Quantum Innovation: Like Lightning
“Quantum innovation” is best summed up as a product that combines past technologies to make an entirely new one that’s completely unexpected. Consider the car. Many of the technologies involved in creating the automobile had been used in previous inventions. It was only when those technologies were combined in a new way that quantum innovation occurred.
Quantum innovation tends to have continuing effects. Inventing the car had an entire range of unexpected side effects on everything from urban planning to financial systems.
Quantum innovation can also cause unease. Look no further than laws restricting the speed of cars to 15 miles an hour for proof.
Finally, quantum innovations tend to lead to future innovations. The car had been around for years when Dr. John Stapp began his research into the effects of rapid acceleration and deceleration on the human body for the Air Force. Stapp’s work completely changed how we see cars and, for that matter, how we survive accidents. Part of the reason we live so long is that it’s safe to get behind the wheel, thanks to Stapp.
This leaves two questions concerning quantum innovation. Can you pull it off, and what should you do when someone else does instead?
A Sudden Change
It’s worth noting that quantum innovation can often be a matter of perception. All the elements of many quantum innovations have been sitting around for years, sometimes decades, before somebody thinks to combine them, or before the infrastructure exists to support them. Often the innovation is not in the idea itself, but in overcoming the challenges that had prevented it from becoming reality.

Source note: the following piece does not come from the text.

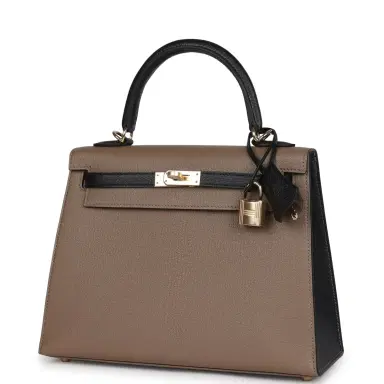 HERMÈS Hermes Special Order (HSS) Kelly Sellier 25 Black and Etoupe Chevre Mysore Permabrass Hardware | Thumbnail 5 HERMÈS Hermes Special Order (HSS) Kelly Sellier 25 Black and Etoupe Chevre Mysore Permabrass Hardware | Thumbnail 5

So when seeking quantum innovation, start by questioning your basic assumptions. If you’ve always done something a certain way, ask yourself why. And if something was too expensive, has it changed in some way? If it didn’t work for your business model before, has your model changed?

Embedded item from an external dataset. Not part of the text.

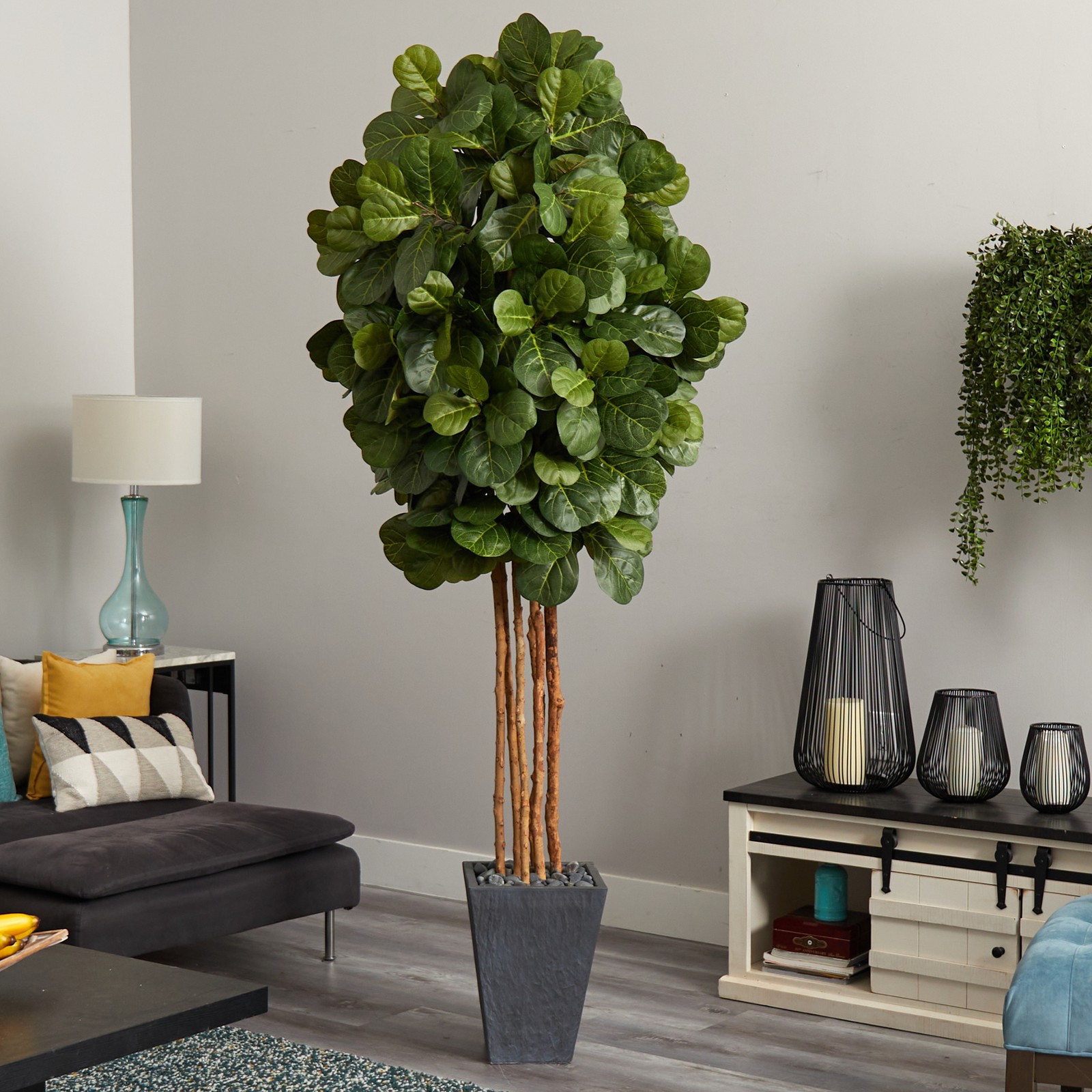 Nearly Natural Fiddle Leaf Artificial Tree in Slate Planter in Green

Then, of course, there’s the question of what happens if somebody else gets there first. Again, the question is not “Can we imitate their innovation?” If you want to remain a leader, instead look at the assumptions they questioned and work from there. What “rules” did they break? and what risks did they accept? What approaches did they take that make sense for your business?
Businesses that have been taken by surprise by quantum innovation often have to ask themselves hard questions about how they operate, why they were put on the back foot, and how to regain the lost ground. Sometimes these questions have answers that are tough to hear, but that makes it all the more important to ask them.